Sun Kil Moon - Common As Light And Love Are Red Valleys Of Blood



Sun Kil Moon
Common As Light And Love Are Red Valleys Of Blood
2017
Spotify

Mark Kozelek under the name Sun Kil Moon has always been able to capture something with his music that few others can. His haunting vocals and his ability to craft a song that perfectly captures the mood He is trying to create. Common As Light And Love Are Red Valleys Of Blood is no different, but what is different is the world surrounding it. On this new album Sun Kil Moon tries to come to grips with the world seeming to fall apart around him and at the same time the years keep ticking by making us older and older every time we look into the mirror. His response however is not despair, instead it edges much closer to something like disgust. The World Kozelek sees around him is so far from the one He hoped it would be that they only reaction He can muster up is bewilderment and anger. Through his unrhyming lyrics on "God Bless Ohio" Kozelek makes direct statements, plain and available for anyone to hear as well as understand. The music is so soft and light, like something you would hear on a back road sunlit drive, but the lyrics are just downer after downer. For the Sun Kil Moon faithful finding the easter eggs Kozelek lays in his lyrics are half the fun, but it makes listening to a song more of a intellectual exercise rather than an emotional one. Sun Kil Moon really is more spoken word set to music; it's one part poetry, one part music and another part that is fucking ambitious as all hell.

Those are the good things, but there is quite a bit to really dislike about this record as well.
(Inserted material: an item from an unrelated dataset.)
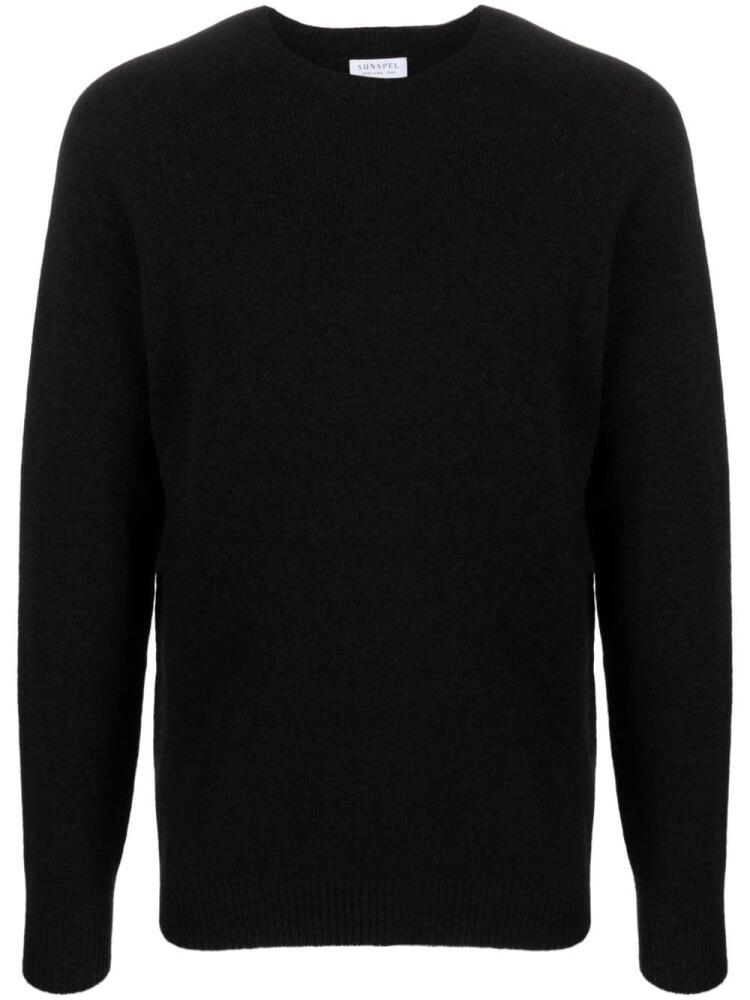 Sunspel fine-ribbed wool jumper - Black Cover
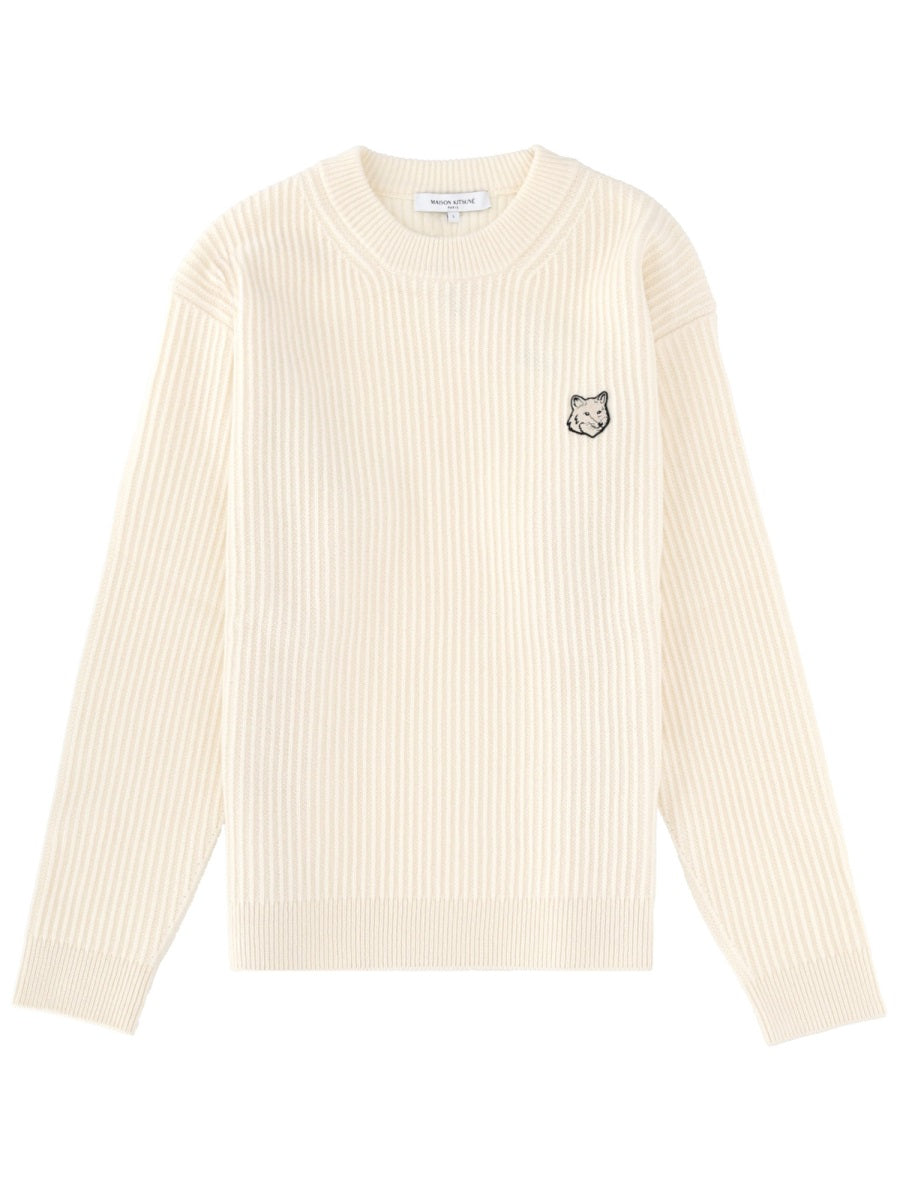Ribbed Knit With Fox Patch Powder Merino Wool Jumpers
First the double album is way to long at over two hours. Songs range from five minutes on the short end to well over ten minutes on the long side. There is no hooks, just a barrage of words half sung and half spoken reaching one forgone conclusion or another. It just feels like masturbation to have a record be this long, this dense and this devoid of many musical changes. There are some differences between the tracks, but it is clear that Kozelek wants the lyrics to be the center of attention. Many times during the record you just want Sun Kil Moon to get to the fucking point rather than meandering with these statements. It feels like hubris when he says that his music sounds like it is from a "Cameron Crowe film score" on "Lone Star", but it is stated so matter of fact that you kind of believe it, for a minute. His statements are also so matter of fact, yet He says them like no one has ever come to these conclusions before. Yes the transgender laws are terrible, Yes Trump is terrible, Yes people are dumb but what do you have to say about that? If it is just pointing it out who gives a shit? That is where you find yourself for most of this record, thinking why should I care? Sun Kil Moon does not make it easy to like him, in fact it seems like He tries to actively put you off, yet there is something really artistic at the bottom of it all. This record however is just too long, too similar and too boring to really make an impact.